1. should data center operators look outside? by Peter Judge

    Views and Opinions on Green IT (Apr 26 2010)

    1. should data center operators look outside?  by Peter Judge

      Last week, I chaired a webinar with some data center experts. What came up surprised me. 

      The Efficiency In Data Center Design panel had a good brief: we were set to talk through the role of measurement in making more efficient data centers, discuss how they could be paid for, and wind up with a look at where to find expertise. And we had a good line-up: Pip Squire runs Ark Continuity's interesting data center in Wiltshire which will ultimately use a stone mine and former nuclear bunker for underground cooling, Michalis Grigoratos is a data center expert at engineering firm Halcrow, and Gary Thornton follows data centers at training company Cnet.


      Naturally enough, we looked at the controversy over apparent opposition between ASHRAE's green building standards and PUE (actually a storm in a teacup), and we considered alternative taxation methods to give users an incentive to go greener (CRC versus CCA, something about which I must find out more). 


      For me the most interesting point was when we looked at sources of good practice.
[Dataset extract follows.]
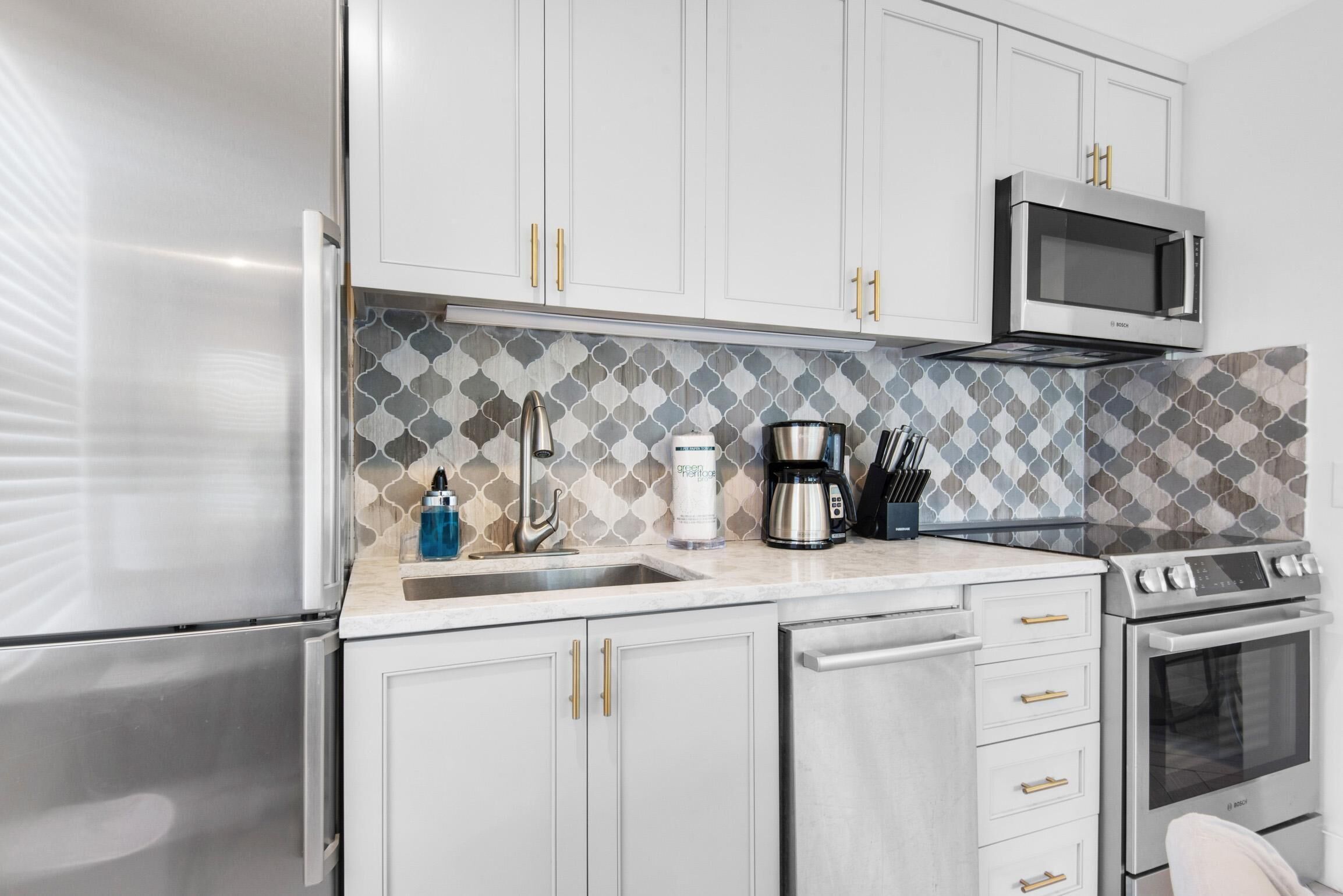 Una cocina moderna con armarios blancos, un refrigerador de acero inoxidable, un microondas, una cafetera y una estufa.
I've been hearing about the EU Code of Conduct for Data Centres for some time now, and have been expecting to hear of it gaining ground amongst users, but I now realise that was naive of me. 
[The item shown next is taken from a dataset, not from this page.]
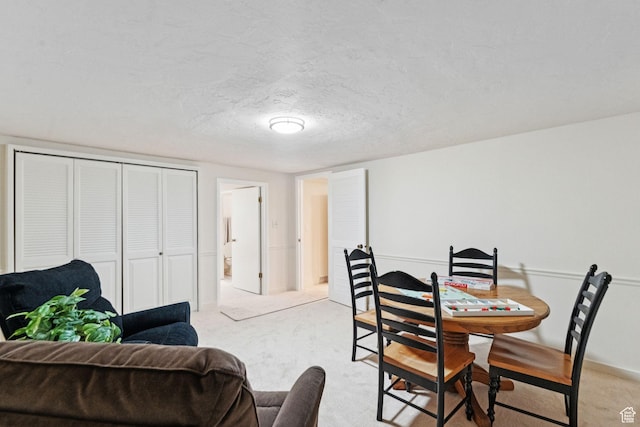 4178 S 650 E, Murray, UT 84107 - dining area featuring light carpet and a textured ceiling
      In fact, it appears that most people running data centers rely on their own knowledge, which basically amounts to doing things the way they have always been done. Pip Squire noted how many data centers still have huge backup power specifications, designed for the needs of older IT equipment which took a long while to fail over. Similarly, cooling systems are likely to be specified for lower temperatures than today's equipment need, missing the fact that manufacturers have become greener by making kit that can safely be run at warmer temperatures. 


      In all walks of life, codes of conduct always take a while to be brought into use, and are not always welcomed. All too often they are publicly welcomed and quietly ignored until they go away. 
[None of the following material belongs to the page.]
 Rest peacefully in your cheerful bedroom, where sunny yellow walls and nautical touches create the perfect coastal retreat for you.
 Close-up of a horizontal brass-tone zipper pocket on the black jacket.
      Gary Thornton argued strongly in favour of the EU Code - and we'd have to acknowledge that for Cnet a code like that, and related certification, is an opportunity to sell more training. But even as he spoke, we were running a vote among the audience, and the figure backing the EU code only crept up as high as 23 percent, and this was amongst an audience pre-selected by the fact that it was interested enough in the subject to sit through an hour's webinar on the subject. 


      I've never been a data center manager, and I'm guessing there are good reasons why they would mistrust codes imposed from outside (as they did with the ASHRAE regulations). but I'd be interested to know whether there are specific reasons to take a cool view on the EU code of conduct.